Hi,
On 2020-12-17 09:43:30 +0300, Önder Kalacı wrote:
> The above part can be considered the core of the logic, executed per tuple.
> As far as I can see, it has two downsides.
>
> First, calling `expression_planner()` for every tuple can be quite
> expensive. I created a sample table, loaded data and ran a quick benchmark
> to see its effect. I attached the very simple script that I used to
> reproduce the issue on my laptop. I'm pretty sure you can find nicer ways
> of doing similar perf tests, just sharing as a reference.
>
> The idea of the test is to add a WHERE clause to a table, but none of the
> tuples are filtered out. They just go through this code-path and send it to
> the remote node.
>
> #rows Patched | Master
> 1M 00:00:25.067536 | 00:00:16.633988
> 10M 00:04:50.770791 | 00:02:40.945358
>
>
> So, it seems a significant overhead to me. What do you think?

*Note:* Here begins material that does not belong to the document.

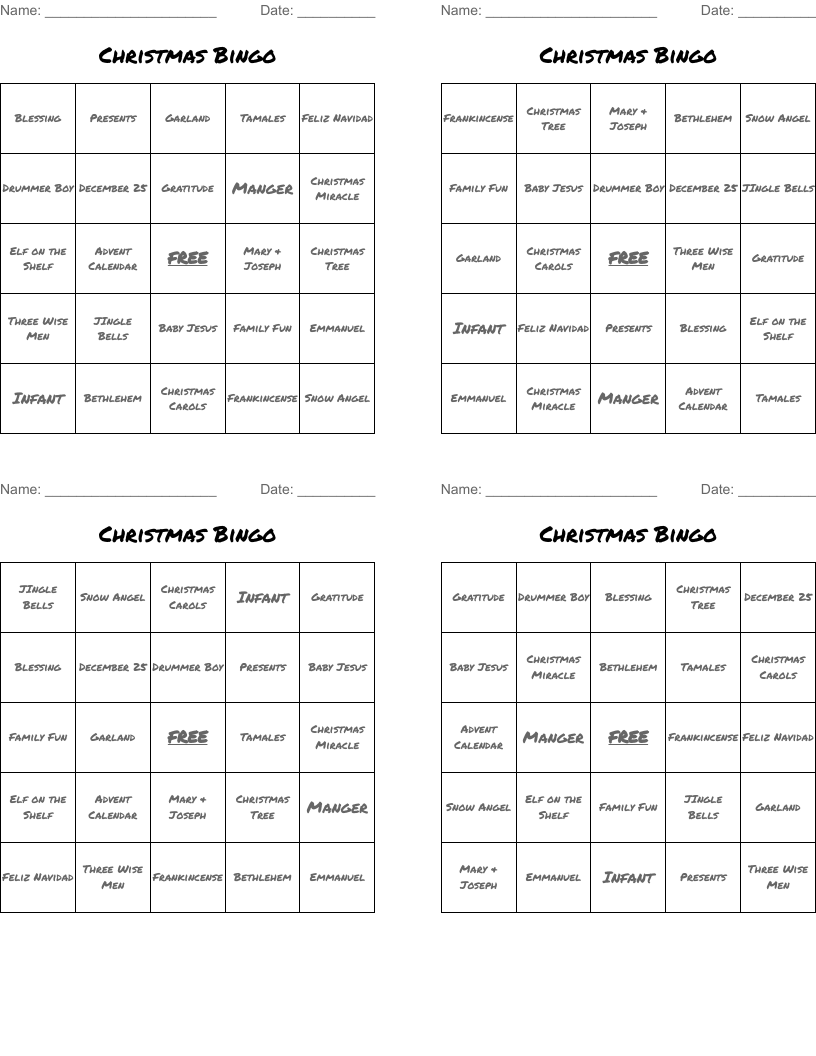 Christmas Bingo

That seems almost prohibitively expensive. I think at the very least
some of this work would need to be done in a cached manner, e.g. via
get_rel_sync_entry().
> Secondly, probably more importantly, allowing any operator is as dangerous
> as allowing any function as users can create/overload operator(s).

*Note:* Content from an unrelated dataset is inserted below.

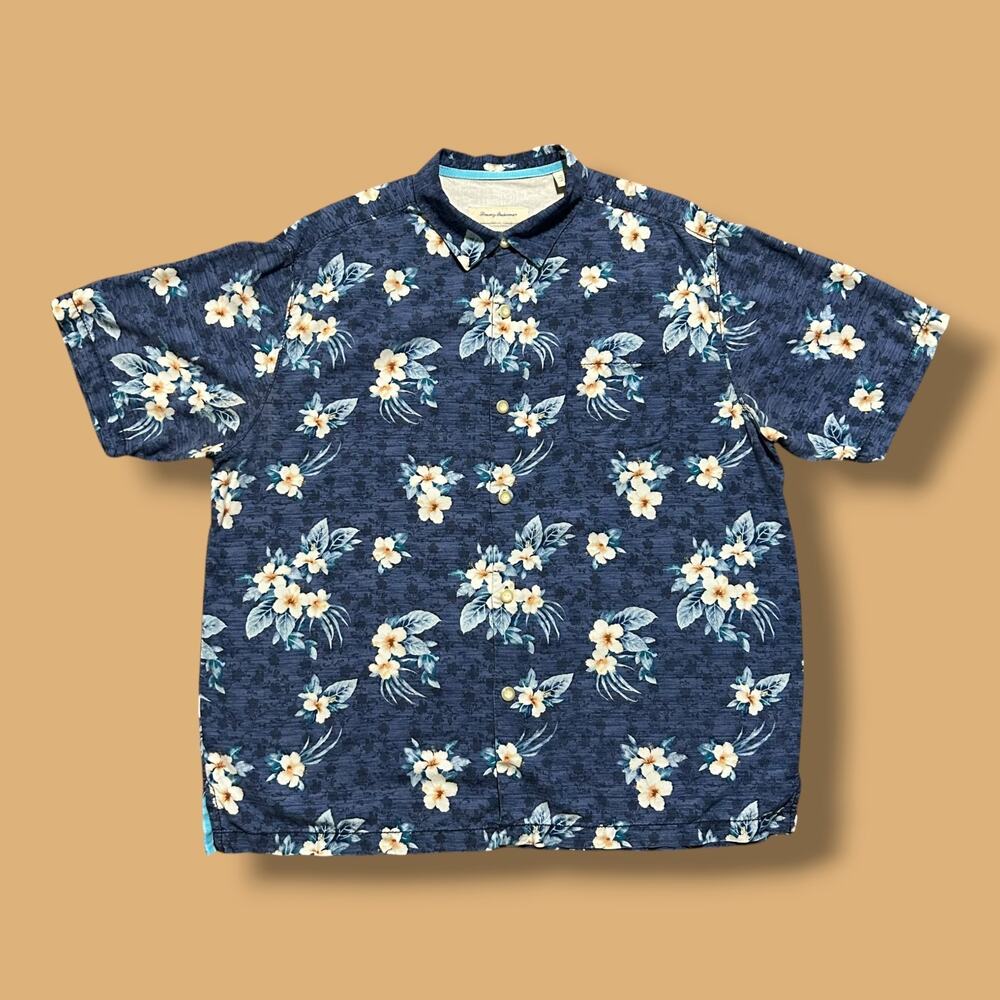 Vintage Tommy Bahama Silk Hawaiian Shirt Floral Print Button Up Aloha XL Blue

That's not safe, indeed. It's not even just create/overloading
operators, as far as I can tell the expression can contain just plain
function calls.
The issue also isn't primarily that the user can overload functions,
it's that logical decoding is a limited environment, and not everything
is safe to do within. You e.g. only catalog tables can be
accessed. Therefore I don't think we can allow arbitrary expressions.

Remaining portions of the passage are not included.